Among Braley's other legal eagles are New Orleans' Herman, Herman & Katz, which is deeply involved in BP oil spill settlement efforts, and Robbins, Geller, Rudman & Dowd, a San Diego firm with offices all over the nation that secured $7.3 billion in settlements for victims of the Enron scandal. The Herman firm has given more to Braley than its home state Democratic Sen. Mary Landrieu.
At least we can track these direct donations. Disclosure among outside groups is sketchy. Many disclose, but some, such as American Crossroads, only partially disclose. Groups such as Americans for Prosperity and the U.S.. Chamber of Commerce, technically 'social welfare” non-profits, keep their donors a secret. Ditto with liberal groups gunning for Ernst, including the League of Conservation Voters and Environmental Defense Action Fund. At least dark money is now bipartisan.
So what's my problem anyway with this freewheeling free speech fest? Am I unaware that Super PACs are people, too? Have I forgotten that I work for a company that owns a TV station?
One problem I have is that so much of this money, especially the outside money, is mostly being spent on negative, distorted garbage. Of the $15 million spent by outsiders, according to OpenSecrets, more than $10 million has been spent to oppose, aka carpet bomb, Braley or Ernst, and not to tell you why you should support either or them.
In strategic terms, these groups want to inflict maximum damage while also rallying partisan loyalists to fight big oil or liberal lawyers or whatever boogeymen can be dredged up and slapped on a screen. Cue the ominous music.
If you're wondering how our politics went from being a contest of candidates actually running to govern to a zero-sum Armageddon aimed at seizing, snatching or holding power at all costs, this Senate campaign has solved your mystery.
But that's not my biggest problem with all this.
This is the most important Iowa U.S. Senate campaign in two decades, which could shape how this state is represented for many years to come. And yet, Iowans are not setting its agenda. We're not the ones dictating the important issues or shaping the debate.
Instead, it's all been contracted out to mercenaries with fat checkbooks.
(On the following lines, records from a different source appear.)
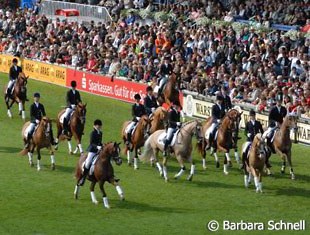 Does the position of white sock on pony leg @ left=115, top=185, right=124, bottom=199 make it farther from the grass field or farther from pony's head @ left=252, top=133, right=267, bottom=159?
pony's head @ left=252, top=133, right=267, bottom=159

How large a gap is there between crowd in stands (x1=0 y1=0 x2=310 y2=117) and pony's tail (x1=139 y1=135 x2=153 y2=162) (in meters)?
8.03

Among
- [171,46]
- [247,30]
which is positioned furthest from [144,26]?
[247,30]

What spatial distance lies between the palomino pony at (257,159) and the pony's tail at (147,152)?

We've outsourced our Senate seat to Arkansas chicken companies, hedge fund managers, New York lawyers and guys who live in Bel Air with swimmin' pools and movie stars. We're just a backdrop for a national fight over Senate control.
Sure, we've still got the votes. But this campaign isn't ours.
And really, I concede, who would want it? But if Iowans don't own the campaign, who is Mr. or Ms. Winner going to work for when they go to Washington?